In Milstein, 401 F.3d 53, this Court recognized the well-established rule that
“[l]aches is not a defense to an action filed within the applicable statute of
limitations.” Id. at 63 (quoting United States v. RePass, 688 F.2d 154, 158 (2d
Cir. 1982)); see also Holmberg v. Armbrecht, 327 U.S. 392, 395 (1946) (“If
Congress explicitly puts a limit upon the time for enforcing a right which it
created, there is an end of the matter. The Congressional statute of limitation is
definitive.”); United States v. Mack, 295 U.S. 480, 489 (1935) (“Laches within the
term of the statute of limitations is no defense at law.”); Ivani Contracting Corp. v.

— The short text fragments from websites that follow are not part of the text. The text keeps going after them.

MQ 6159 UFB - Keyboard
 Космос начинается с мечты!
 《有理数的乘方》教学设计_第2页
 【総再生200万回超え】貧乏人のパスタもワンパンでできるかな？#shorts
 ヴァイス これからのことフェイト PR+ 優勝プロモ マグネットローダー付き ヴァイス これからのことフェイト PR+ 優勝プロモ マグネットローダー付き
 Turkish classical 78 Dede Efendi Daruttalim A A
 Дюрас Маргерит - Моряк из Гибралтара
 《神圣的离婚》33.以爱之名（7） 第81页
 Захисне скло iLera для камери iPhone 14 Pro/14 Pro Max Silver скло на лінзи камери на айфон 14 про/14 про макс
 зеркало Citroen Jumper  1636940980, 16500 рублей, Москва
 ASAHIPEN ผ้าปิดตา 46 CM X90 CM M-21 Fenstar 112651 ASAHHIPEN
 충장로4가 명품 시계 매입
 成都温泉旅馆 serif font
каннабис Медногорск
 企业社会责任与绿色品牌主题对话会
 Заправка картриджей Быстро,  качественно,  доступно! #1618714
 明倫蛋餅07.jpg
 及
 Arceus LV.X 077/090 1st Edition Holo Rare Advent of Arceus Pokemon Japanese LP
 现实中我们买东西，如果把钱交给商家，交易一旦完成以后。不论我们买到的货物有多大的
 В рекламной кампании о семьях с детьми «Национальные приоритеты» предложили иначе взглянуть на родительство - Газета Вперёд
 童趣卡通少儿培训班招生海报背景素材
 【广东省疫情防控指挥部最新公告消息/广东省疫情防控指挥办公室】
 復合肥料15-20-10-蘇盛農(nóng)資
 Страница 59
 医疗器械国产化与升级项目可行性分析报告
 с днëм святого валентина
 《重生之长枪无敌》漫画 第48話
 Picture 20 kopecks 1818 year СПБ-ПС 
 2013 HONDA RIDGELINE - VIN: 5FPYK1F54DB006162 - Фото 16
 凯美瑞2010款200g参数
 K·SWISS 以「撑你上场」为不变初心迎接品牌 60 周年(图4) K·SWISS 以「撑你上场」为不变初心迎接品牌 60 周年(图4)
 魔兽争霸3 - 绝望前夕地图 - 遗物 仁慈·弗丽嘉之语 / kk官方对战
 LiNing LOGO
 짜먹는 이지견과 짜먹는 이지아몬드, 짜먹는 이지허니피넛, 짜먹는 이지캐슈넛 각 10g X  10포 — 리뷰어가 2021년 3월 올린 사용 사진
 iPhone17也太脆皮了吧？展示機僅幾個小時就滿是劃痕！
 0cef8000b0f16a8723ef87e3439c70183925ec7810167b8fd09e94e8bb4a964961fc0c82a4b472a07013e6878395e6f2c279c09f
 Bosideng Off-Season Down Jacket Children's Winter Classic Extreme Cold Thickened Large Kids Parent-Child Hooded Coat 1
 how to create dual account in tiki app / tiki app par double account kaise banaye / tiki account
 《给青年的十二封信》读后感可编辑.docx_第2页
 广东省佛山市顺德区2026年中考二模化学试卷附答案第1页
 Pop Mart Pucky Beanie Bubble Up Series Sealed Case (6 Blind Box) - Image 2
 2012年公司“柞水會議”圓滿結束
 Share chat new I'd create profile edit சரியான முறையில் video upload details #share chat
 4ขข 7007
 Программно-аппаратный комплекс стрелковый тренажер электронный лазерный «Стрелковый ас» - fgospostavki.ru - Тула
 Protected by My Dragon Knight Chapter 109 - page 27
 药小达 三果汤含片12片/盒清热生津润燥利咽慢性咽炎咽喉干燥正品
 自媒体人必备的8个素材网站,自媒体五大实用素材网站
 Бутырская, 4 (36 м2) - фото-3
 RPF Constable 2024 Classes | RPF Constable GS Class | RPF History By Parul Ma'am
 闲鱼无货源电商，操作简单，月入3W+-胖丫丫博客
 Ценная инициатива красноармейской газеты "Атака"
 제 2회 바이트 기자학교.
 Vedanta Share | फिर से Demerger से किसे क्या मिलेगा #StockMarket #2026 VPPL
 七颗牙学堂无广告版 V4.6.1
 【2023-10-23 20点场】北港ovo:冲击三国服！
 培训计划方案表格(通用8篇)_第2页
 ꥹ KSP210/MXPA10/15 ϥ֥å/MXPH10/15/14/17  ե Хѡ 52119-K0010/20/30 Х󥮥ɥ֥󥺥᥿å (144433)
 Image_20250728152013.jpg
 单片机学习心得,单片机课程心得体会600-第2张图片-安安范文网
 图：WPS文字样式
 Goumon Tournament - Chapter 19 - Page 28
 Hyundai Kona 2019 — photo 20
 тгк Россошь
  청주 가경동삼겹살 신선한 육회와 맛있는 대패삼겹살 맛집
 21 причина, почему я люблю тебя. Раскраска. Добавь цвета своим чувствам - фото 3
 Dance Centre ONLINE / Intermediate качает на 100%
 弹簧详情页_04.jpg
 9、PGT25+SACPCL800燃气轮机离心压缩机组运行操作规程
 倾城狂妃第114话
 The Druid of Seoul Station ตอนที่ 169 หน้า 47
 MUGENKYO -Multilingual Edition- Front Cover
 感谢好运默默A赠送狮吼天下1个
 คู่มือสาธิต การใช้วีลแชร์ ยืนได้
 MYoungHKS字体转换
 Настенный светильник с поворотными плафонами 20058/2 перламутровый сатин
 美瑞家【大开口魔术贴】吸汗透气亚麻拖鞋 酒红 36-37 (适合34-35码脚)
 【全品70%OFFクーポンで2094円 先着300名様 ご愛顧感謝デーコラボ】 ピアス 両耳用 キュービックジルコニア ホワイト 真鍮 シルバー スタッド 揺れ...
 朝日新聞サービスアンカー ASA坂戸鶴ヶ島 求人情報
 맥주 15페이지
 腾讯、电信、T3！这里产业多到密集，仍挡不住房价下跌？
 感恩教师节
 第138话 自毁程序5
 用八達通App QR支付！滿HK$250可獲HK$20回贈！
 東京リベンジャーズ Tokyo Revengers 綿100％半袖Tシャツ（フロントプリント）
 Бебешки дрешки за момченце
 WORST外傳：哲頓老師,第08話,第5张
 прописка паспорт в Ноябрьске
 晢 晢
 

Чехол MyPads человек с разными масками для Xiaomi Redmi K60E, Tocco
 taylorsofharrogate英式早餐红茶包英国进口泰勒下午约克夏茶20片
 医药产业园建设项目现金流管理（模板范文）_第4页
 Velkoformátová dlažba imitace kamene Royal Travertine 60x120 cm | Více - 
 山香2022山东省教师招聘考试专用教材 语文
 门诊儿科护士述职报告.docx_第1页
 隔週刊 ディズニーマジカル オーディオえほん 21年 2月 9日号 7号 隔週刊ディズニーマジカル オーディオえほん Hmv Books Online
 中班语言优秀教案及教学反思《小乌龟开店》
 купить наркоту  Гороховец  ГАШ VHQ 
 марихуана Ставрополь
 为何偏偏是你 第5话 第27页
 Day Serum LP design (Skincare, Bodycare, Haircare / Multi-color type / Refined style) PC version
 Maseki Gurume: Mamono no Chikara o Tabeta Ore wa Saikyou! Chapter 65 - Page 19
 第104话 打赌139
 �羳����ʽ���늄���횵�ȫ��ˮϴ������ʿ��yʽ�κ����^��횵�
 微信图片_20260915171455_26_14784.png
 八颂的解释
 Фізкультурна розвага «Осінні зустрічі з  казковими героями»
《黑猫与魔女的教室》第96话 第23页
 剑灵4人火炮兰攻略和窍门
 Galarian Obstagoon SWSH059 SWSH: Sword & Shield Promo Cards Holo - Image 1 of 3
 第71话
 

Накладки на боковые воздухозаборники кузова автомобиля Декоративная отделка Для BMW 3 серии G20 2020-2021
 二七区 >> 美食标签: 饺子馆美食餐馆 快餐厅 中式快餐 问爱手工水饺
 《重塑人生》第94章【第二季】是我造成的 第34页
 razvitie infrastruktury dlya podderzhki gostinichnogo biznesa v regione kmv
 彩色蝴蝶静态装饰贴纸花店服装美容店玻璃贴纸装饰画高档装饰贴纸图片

City of New York, 103 F.3d 257, 260 (2d Cir. 1997); Lyons Partnership, L.P. v.
26
Morris Costumes, Inc., 243 F.3d 789, 798 (4th Cir. 2001) (“[A] court should not
apply laches to overrule the legislature’s judgment as to the appropriate time limit
to apply for actions brought under the statute. Separation of powers principles
thus preclude us from applying the judicially created doctrine of laches to bar a
federal statutory claim that has been timely filed under an express statute of
limitations.”).
The Supreme Court’s analysis in Oneida II establishes beyond question that
the United States’ claims in this case were expressly preserved by Act of Congress
and timely under the detailed scheme established in 28 U.S.C. § 2415, SPA105.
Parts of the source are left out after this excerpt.